Why antibiotics for rosacea
Howard Murad, MD murad. The signs and symptoms of rosacea vary substantially from one patient to another, and treatment must be tailored for each individual case. For patients with redness and pimples, doctors often prescribe oral antibiotics such as tetracycline and topical therapy to bring the condition under immediate control, followed by long-term use of the topical therapy alone to maintain remission.
When appropriate, laser treatment or other surgical procedures may be used to remove visible blood vessels, reduce extensive redness or correct disfigurement of the nose. Eye symptoms are commonly treated with oral antibiotics and ophthalmic therapy, but if left untreated, can lead to blindness. Rosacea patients are advised to identify and avoid lifestyle and environmental factors that may aggravate their individual conditions.
Patients may also benefit from gentle and appropriate skin care, and cosmetics may be used to reduce the effect of rosacea on appearance.
It is unknown exactly why antibiotics work against rosacea, but it is widely believed that it is due to their anti-inflammatory properties, rather than their bacteria-fighting capabilities.
Macrene Alexiades-Armenakas, MD drmacrene. Yes, in patients whose rosacea does not clear on topical treatment and lasers, antibiotics may be necessary for some time.
Once clear, I wean patients off of antibiotics. Dennis Gross, MD dennisgrossmd. Sometimes lifestyle changes and over-the-counter remedies are enough to keep rosacea at bay, so I would recommend that to a patient before antibiotics. However, if a patient has been adhering to a regimen for at least a month and has not seen visible results then I do recommend a prescription topical, oral antibiotics or light acid peels.
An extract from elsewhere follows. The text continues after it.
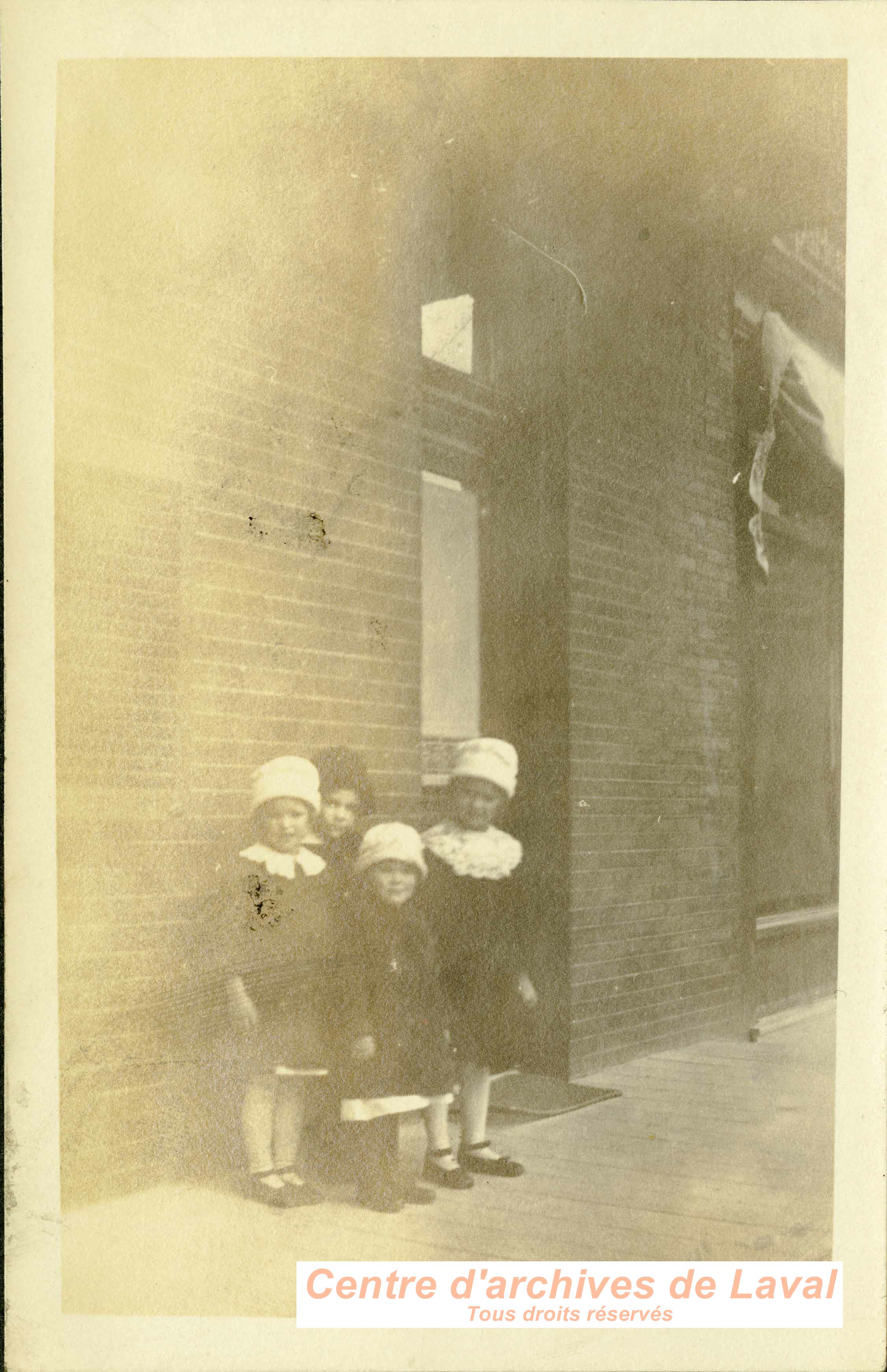 Enfants devant le magasin de Cyrille Bisson,  Saint-Vincent-de-Paul.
Oral medications such as tetracycline, doxycycline, and minocycline, all have been proven to keep rosacea's bacterial component under control and also seem to have an anti-inflammatory benefit. Topical products such as metronidazole and clindamycin work in much the same way. Light peels help to keep the skin antiseptic and combat bacteria. I am always concerned about overusing antibiotics and antibiotic resistance; however, when indicated in rosacea they can be extremely helpful when topical treatment alone is ineffective.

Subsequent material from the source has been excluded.